Thanksgiving’s behind us. The holidays and the New Year are straight ahead…
It got us thinking about togetherness—and how different it feels at work these days. Culture used to happen almost by accident. You’d grab lunch with a coworker. Stay late and talk about something unrelated to the project. Those small moments added up to trust, camaraderie, and belonging.
The hard cut
Now, more people draw a clear line between work and personal life. And that’s fair (boundaries matter after all). But it also means we’ve lost some of the casual overlap where relationships used to form. Many people want connection but hesitate to ask for it. We overthink the invite, the coffee, the after-work drink. Meanwhile, proximity—the simple act of being in the same room—does what a dozen Slack channels can’t: it makes work feel real.
The proximity problem
In-person work has become a lightning rod. Some argue it’s the key to rebuilding connection. Others see it as a regression—a demand to trade flexibility for facetime. Anticlimatically, the truth likely sits square in the middle. The office isn’t the problem (and it never was). Rather, clear expectations are what stands between you and a strong culture. Why go in if being physically present means extending your workday into your living room later that night? That’s not connection. That’s overreach.

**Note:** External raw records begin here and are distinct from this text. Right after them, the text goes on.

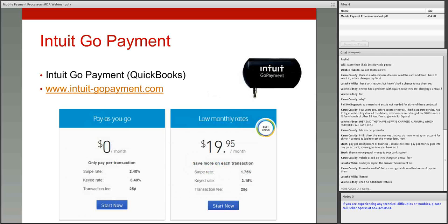The last mobile payment processor we're going to talk about is Intuit GoPayment. If you're already using QuickBooks with your business, you can get Intuit GoPayment and it will sync with QuickBooks — so when you sell a product it will sync automatically. They have different rates and fees. If you're using QuickBooks, this might be an option that interests you; if not, I'd probably recommend staying with PayPal, Square, or PayAnywhere.com.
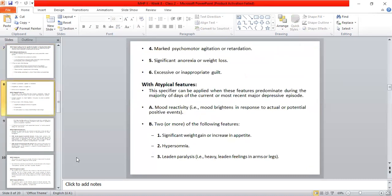With atypical features: this specifier is applied when the following symptoms predominate during the majority of days of the current major depressive episode. The first is mood reactivity — the concept where the person is having a hard time but their mood still brightens positively by up to 50% in response to pleasurable activities.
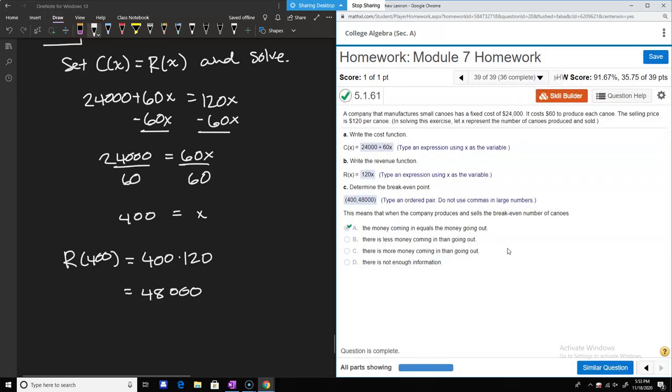That's it for module 7. Are there any questions on anything we went over today?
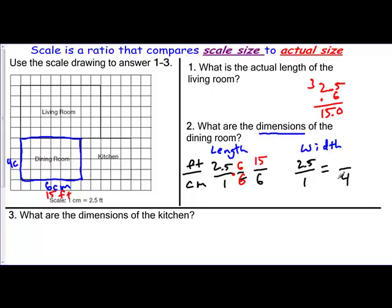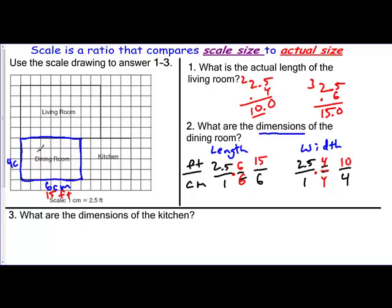And then how do I turn one into four? I multiply times four over four. One times four is four. 2.5 times four: four times five is 20, four times two is eight, plus two is 10 — don't forget our decimal — so our answer here is 10. So this side, the four centimeters, is 10 feet. And you can do the same thing with the dimensions of the kitchen and so on.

Culture is human, not corporate
Culture doesn’t live in an employee handbook—it lives in people. Presence has to mean something. Bringing people together has to have a clear exchange of value. Not to make culture sound so transactional, but people can feel when something is forced and not worth their time. It’s palpable. Remember the performative togetherness of the early Pandemic days? Every coffee chat was all presence, no purpose. With culture obviously suffering at the hands of a virtual-first workforce, the answer is more complex than going back to the office. Time together can’t just replicate what we already do on-screen—it has to do more. Leaders can help by creating those moments of genuine connection that don’t feel forced.
Intentional time beats forced time
Time together only works when it has a purpose. People don’t need elaborate events or manufactured fun—they need clarity. Ask:
- Why are we gathering?
- What are we trying to strengthen?
- What result are we hoping for?
This isn’t about becoming best friends. Google’s Project Aristotle reminded us of something simple: teams don’t succeed because everyone likes each other—they succeed because people feel psychologically safe. And psychological safety is much harder to build when every interaction is filtered through a screen.
So if leaders want connection, the question becomes: what are we giving people when we bring them together that they can’t get in isolation?
Culture is strategy
As we move into the new year, the strongest cultures won’t be the ones with the best perks or policies—they’ll be the ones that feel most human.